If you choose the latter, a 4X4 vehicle is required to make it all the way. You can gain access from the Cathedral Valley OHV Trailhead. We were traveling in our campervan which is not 4X4, so we drove as far as we could and hiked in the remaining 7 kilometres.
Once you’re finished, make your way to Factory Butte for sunset. To get here, drive east from Hanksville on Highway 24. You will turn right (north) onto Factory Butte Road and the castle like butte will be on your left about 8 kilometres in.
As soon as you turn off Highway 24, the roads turn to dirt and cell service disappears. A 4X4 vehicle is recommended and an offline map is essential! As the colours light up the sky, this moody mountain becomes a photographers paradise.
After sunset, turn right off of Factory Butte Road onto Coal Mine Road. You will want an offline map here as the roads are all dirt and there is no signage.
Approximately 4 kilometres further is the Moonscape Overlook parking lot. Here, you can camp for free and set yourself up for one of the most incredible sunrises of your trip.

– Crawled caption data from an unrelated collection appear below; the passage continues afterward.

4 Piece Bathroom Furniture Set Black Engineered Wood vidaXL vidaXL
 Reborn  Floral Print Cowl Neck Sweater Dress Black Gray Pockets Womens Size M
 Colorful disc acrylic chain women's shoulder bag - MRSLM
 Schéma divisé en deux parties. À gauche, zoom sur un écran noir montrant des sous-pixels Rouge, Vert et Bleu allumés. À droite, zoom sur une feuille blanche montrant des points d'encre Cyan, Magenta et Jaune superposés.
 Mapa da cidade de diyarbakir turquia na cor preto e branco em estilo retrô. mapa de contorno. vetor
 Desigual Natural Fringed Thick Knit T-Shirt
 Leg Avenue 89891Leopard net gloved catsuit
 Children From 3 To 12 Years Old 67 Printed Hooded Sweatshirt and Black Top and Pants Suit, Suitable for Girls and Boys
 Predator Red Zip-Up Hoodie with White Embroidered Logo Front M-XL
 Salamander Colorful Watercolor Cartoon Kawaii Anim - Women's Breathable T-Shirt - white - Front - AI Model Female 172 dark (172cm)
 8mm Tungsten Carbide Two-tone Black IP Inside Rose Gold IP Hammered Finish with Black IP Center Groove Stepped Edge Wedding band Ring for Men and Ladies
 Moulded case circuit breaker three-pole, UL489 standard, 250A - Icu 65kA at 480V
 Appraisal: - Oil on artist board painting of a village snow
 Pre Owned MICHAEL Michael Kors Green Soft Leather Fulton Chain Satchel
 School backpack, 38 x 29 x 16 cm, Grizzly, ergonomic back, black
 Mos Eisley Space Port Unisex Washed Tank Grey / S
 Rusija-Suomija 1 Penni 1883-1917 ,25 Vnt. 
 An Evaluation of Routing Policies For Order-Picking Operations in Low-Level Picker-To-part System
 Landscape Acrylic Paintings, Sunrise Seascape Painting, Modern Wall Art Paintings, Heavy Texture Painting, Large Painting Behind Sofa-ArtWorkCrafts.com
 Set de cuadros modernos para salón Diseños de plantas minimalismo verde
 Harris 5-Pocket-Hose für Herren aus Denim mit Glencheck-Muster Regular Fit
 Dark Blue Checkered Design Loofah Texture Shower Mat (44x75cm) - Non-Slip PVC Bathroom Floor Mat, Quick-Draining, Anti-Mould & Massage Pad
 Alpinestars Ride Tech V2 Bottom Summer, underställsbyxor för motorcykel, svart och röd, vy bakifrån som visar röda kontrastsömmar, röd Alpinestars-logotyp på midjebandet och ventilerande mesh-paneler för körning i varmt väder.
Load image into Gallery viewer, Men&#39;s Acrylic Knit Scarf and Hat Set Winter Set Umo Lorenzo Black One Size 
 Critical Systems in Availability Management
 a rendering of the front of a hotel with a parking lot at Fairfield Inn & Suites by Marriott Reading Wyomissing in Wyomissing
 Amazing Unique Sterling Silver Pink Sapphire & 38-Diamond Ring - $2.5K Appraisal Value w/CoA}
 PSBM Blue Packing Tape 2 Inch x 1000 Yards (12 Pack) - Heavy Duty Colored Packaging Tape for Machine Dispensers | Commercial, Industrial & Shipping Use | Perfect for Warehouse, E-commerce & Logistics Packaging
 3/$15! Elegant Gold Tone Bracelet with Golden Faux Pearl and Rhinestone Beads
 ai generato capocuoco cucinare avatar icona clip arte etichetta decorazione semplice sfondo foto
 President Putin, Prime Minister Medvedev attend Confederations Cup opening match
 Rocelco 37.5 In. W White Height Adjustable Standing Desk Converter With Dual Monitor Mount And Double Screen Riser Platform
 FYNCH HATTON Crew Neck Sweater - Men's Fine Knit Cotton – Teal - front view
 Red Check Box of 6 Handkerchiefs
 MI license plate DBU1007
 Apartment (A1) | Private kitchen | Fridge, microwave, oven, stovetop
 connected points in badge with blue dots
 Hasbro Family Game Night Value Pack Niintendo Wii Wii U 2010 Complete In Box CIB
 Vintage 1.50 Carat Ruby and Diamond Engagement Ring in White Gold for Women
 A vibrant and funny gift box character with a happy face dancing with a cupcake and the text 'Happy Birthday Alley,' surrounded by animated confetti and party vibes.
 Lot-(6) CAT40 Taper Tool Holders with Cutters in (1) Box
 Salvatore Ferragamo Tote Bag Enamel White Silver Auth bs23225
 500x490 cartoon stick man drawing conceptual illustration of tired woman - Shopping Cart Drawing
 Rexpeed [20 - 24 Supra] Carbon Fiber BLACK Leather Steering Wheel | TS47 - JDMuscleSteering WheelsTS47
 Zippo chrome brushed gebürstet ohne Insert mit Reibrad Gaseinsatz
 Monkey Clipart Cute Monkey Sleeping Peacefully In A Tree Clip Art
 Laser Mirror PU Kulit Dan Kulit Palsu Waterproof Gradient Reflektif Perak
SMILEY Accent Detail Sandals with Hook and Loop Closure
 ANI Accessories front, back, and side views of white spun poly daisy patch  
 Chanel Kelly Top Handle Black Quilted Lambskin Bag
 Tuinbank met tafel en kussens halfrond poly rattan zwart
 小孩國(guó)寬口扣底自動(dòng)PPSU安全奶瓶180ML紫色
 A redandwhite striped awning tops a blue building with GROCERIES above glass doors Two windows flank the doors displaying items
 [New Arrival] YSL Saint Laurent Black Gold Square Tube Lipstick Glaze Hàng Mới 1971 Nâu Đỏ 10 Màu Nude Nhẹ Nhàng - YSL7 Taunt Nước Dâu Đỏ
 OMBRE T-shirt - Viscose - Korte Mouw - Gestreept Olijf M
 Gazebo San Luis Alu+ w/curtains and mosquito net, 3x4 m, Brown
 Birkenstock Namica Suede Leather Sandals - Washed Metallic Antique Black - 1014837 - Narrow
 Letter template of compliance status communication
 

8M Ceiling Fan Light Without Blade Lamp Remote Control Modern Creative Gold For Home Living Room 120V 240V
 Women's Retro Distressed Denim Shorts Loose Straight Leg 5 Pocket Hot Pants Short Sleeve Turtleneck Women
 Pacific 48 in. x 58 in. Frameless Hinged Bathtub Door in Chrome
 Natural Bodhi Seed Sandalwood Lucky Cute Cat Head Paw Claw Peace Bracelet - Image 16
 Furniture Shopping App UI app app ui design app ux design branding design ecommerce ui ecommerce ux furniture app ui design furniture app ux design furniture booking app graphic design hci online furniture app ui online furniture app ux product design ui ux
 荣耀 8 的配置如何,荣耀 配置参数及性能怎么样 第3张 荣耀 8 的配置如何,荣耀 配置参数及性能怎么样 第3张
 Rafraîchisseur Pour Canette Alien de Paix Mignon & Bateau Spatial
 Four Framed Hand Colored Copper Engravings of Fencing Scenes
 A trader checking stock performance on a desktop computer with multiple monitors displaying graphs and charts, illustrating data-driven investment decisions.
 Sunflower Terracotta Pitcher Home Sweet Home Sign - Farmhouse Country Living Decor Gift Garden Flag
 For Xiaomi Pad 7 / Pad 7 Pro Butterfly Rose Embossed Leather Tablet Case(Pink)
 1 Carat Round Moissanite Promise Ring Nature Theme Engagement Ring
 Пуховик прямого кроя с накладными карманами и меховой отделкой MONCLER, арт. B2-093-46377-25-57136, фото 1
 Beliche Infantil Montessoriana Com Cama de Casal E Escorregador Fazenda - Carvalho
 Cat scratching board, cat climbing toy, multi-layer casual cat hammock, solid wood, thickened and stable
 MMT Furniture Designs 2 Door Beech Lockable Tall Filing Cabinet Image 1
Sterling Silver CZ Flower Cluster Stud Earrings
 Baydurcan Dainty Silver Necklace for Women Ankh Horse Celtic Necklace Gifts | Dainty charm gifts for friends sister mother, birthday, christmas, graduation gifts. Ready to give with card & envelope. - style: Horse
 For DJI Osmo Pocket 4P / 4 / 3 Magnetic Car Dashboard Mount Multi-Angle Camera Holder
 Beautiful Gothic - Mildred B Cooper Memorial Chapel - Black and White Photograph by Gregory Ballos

Day 14: Moonscape Overlook + Meadow Hot Springs
Set your alarm for 30 minutes before sunrise, bundle up, and head outside. Aptly named for its resemblance to the surface of the moon, this off-the-beaten-path lookout was one of our favourite stops on this Utah road trip.
IMPORTANT: This wild camping area has increased in popularity due to social media. It is very important that we do our part to keep it clean and leave no trace so that we can all continue to enjoy it for years to come.
Next, drive 3.5 hours west for a soak in Meadow Hot Springs. Situated in central Utah near the small town of Meadow, this hidden oasis is composed of several pools of varying sizes, each with its own temperature and mineral content.
These hot springs are on private land but the owners kindly allow guests to visit. There is a small donation box near the entrance to help with the cost of upkeep.
After you’ve had your fill, get back in your vehicle and drive 2.5 hours north to Salt Lake City. We would recommend getting a hotel for the night if possible. This allows you to take your time on your final day, have a well deserved shower and explore the city in the evening.